Reward weighting in RAST is critical: compilation-only RL induces degenerate "panic!"-heavy outputs (97.9% CSR, 0% CA), while alignment-only sacrifices compilability. Balanced weighting (1:1 compilation:test) achieves optimal joint performance.

Figure 2: Case study: the authenticate_stream translation, where DepTrans resolves cross-module dependencies and strict borrowing rules, outperforming baseline LLM outputs.

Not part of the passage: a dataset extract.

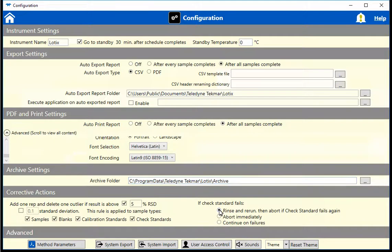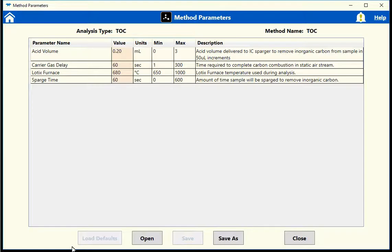Under Advanced Method Parameters, you are able to make edits to and optimize the methods to your sample needs.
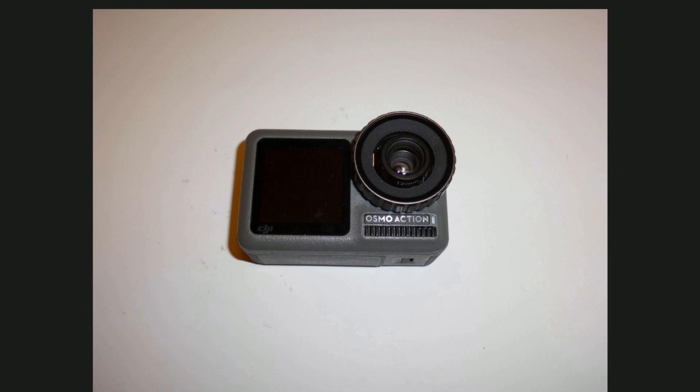To use Ordinal M12 lens at OsmoAction, I change OsmoAction's lens mount from M11 to M12.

Real-world, enterprise-scale applicability is demonstrated on HWBench (Huawei internal projects), with DGIR+RAST-7B matching or exceeding the build rate of much larger models (7/15 projects built).

Iterative Repair Behavior

The impact of repair depth is systematically evaluated: performance (compilation, CA) improves with more iterations, but so does token consumption. Optimal tradeoff is obtained at 2–3 compiler iterations and 1–3 consistency checks per translation.

Figure 3: Impact of compilation repair and consistency repair iterations on translation performance and token usage.

Translation Quality, Safety, and Benchmark Performance

DepTrans demonstrates robust code safety. The proportion of unsafe Rust lines stays below 3% across all testbeds, confirming the model's success in producing idiomatic and safe migrations.

On CRust-Bench (100 open-source C projects), DGIR+RAST-7B compiles 27 projects and passes all tests in 5, outperforming previous hybrid and LLM-only pipelines.

Practical and Theoretical Implications

This work establishes the necessity of explicit dependency modeling and RL-based compiler feedback in cross-language repository translation. It demonstrates that proper contextual alignment, semantic retrieval, and self-consistency repair considerably elevate model performance—far beyond brute model scaling or prompt engineering. The approach carries broad significance for automated software security hardening, reducing the human cost in large-scale migration, and sets a precedent for structured, compiler-in-the-loop RL for other code migration or repair tasks.

Future Prospects

Looking ahead, the dependency-guided iterative paradigm could expand to languages and systems featuring even more complex modularization or dynamic linking. Integration with formal verification or fuzzing feedback loops may further close the gap toward fully verified migration at scale. Dataset size, parallelism quality, and task diversity will continue to define achievable upper bounds for such LLM-based systems, motivating additional curation and community benchmarking efforts.

Conclusion

DepTrans represents a multifaceted advancement in repository-level code translation by unifying fine-grained dependency modeling, context-aware translation, RL-aligned syntax training, and iterative LLM self-repair. Its substantial empirical gains in both compilation and functional equivalence, combined with practical scalability to enterprise and open-source settings, position it as a reference architecture for future research in automated program migration, multi-language code intelligence, and compiler-in-the-loop AI training methodologies.